Par ailleurs il est toujours aussi surprenant que l'état continue de s'insinuer dans cette entreprise privée en nommant un nouveau DRH (Gilles Gâteau) directement issu du cabinet de Mr Valls. Comment croire que l'on peut demander a des employés du privé d'été compétitifs avec un boulet administratif a chaque pied, une gestion pyramidale des effectifs et des dettes dignes de l'état...!
a écrit le 28/09/2015 à 10:28 :
Il faut que les pilotes refusent tout. Après les autres salariés refuseront également tout.
Le résultat permettra à AF soit de disparaître et laisser la place à la concurrence qui fait des bénéfices et embauche (ce que ne fait pas AF), soit d'être obligé de fermer des lignes et de licencier....à terme AF sera obliger de fusionner avec une autre compagnie.pour se recapitaliser, mais elle aura déjà virer un paquet de salariés.
a écrit le 28/09/2015 à 9:44 :
S'il intervient comme pour la sncf, on va se marrer ! Il ne se passera rien et au final ce sera le contribuable qui va trinquer ! Les régionales arrivent donc ils n'ont rien à craindre .....
a écrit le 28/09/2015 à 9:07 :
Il faut licencier, licencier, licencier et après on discute. Je prends l'avion 3 fois par an et je ne prends jamais AF. C'est ma petite contribution: boycott.
Réponse de le 28/09/2015 à 12:50 :
Et si on vous licenciait vous ?
Réponse de le 28/09/2015 à 17:00 :
Bonjour,

De toute façon un passager qui l'avion trois fois par an ne peu pas être crédible.
Je lui ai préparé sa lettre de licenciement et je lui envoie par mail, c'est moderne rapide et choc comme son discours stérile.

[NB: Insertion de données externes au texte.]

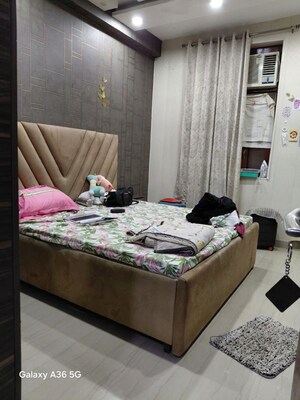 Bedroom in 2 BHK Builder Floor at Sector 15 – for Rent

a écrit le 28/09/2015 à 8:53 :
Ils vont faire comme la SNCM, pas de prise de conscience jusqu'au naufrage qui laissera les deux tiers des employés sur le carreau. Ces anciennes sociétés publics sont incapables de se réformer, trop de mauvaises habitudes, une mentalité de fonctionnaires et l'Etat encore trop présent au sein de l'actionnariat qui donne une fausse impression de sécurité. On pourrait faire le parallèle avec la société française dans son ensemble.

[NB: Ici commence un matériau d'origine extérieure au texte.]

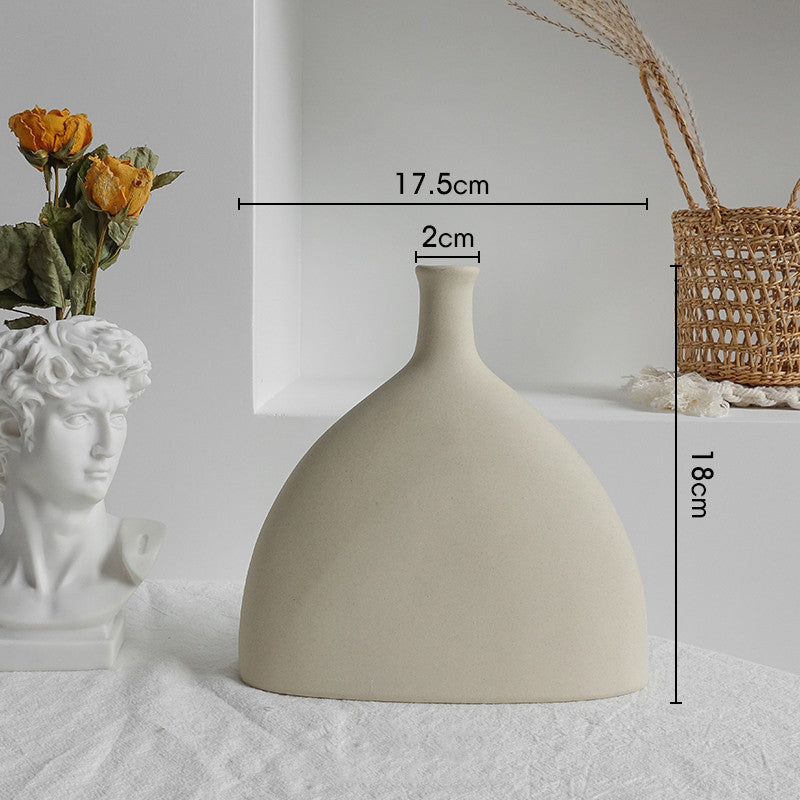 Simplicity Ceramic Vase Dry Flower Arrangement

a écrit le 28/09/2015 à 8:21 :
Air France c'est la SNCF du transport aérien !
Réponse de le 28/09/2015 à 13:44 :
Sauf qu'Air France est privé et est en concurrence avec plus de 200 compagnies aériennes étrangères dont les salaires, charges et impôts sont beaucoup plus bas qu' en France...

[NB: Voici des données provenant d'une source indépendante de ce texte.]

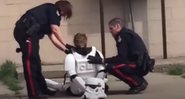 Mulher vestida de Stormtrooper abordada por policiais no Canadá (Foto: Reprodução)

Réponse de le 29/09/2015 à 19:09 :
Sauf qu'Air France paie
- à l'état ses charges salariales (en Md€)
- à ADP donc à l'état les taxes à Orly et CDG (en centaines de M€)
- à Airbus ses A380 neufs impossibles à rentabiliser (en Md€)
sans recevoir un seul euro du contribuable, mais seulement de ses clients.
Alors que la SNCF...
a écrit le 28/09/2015 à 7:58 :
C'est à l'Etat d'intervenir en proposant de financer les retraites par une taxe sur l'énergie. Mais qui est capable de l'envisager?
Réponse de le 28/09/2015 à 9:08 :
Vous imaginez le résultat? Inflation et baisse de productivité.
Réponse de le 28/09/2015 à 10:38 :
@Suivant. C'est l'inverse qui doit se produire: baisse des prix hors énergie et amélioration de la productivité. Vous devez oublier quelque chose dans votre raisonnement. Merci.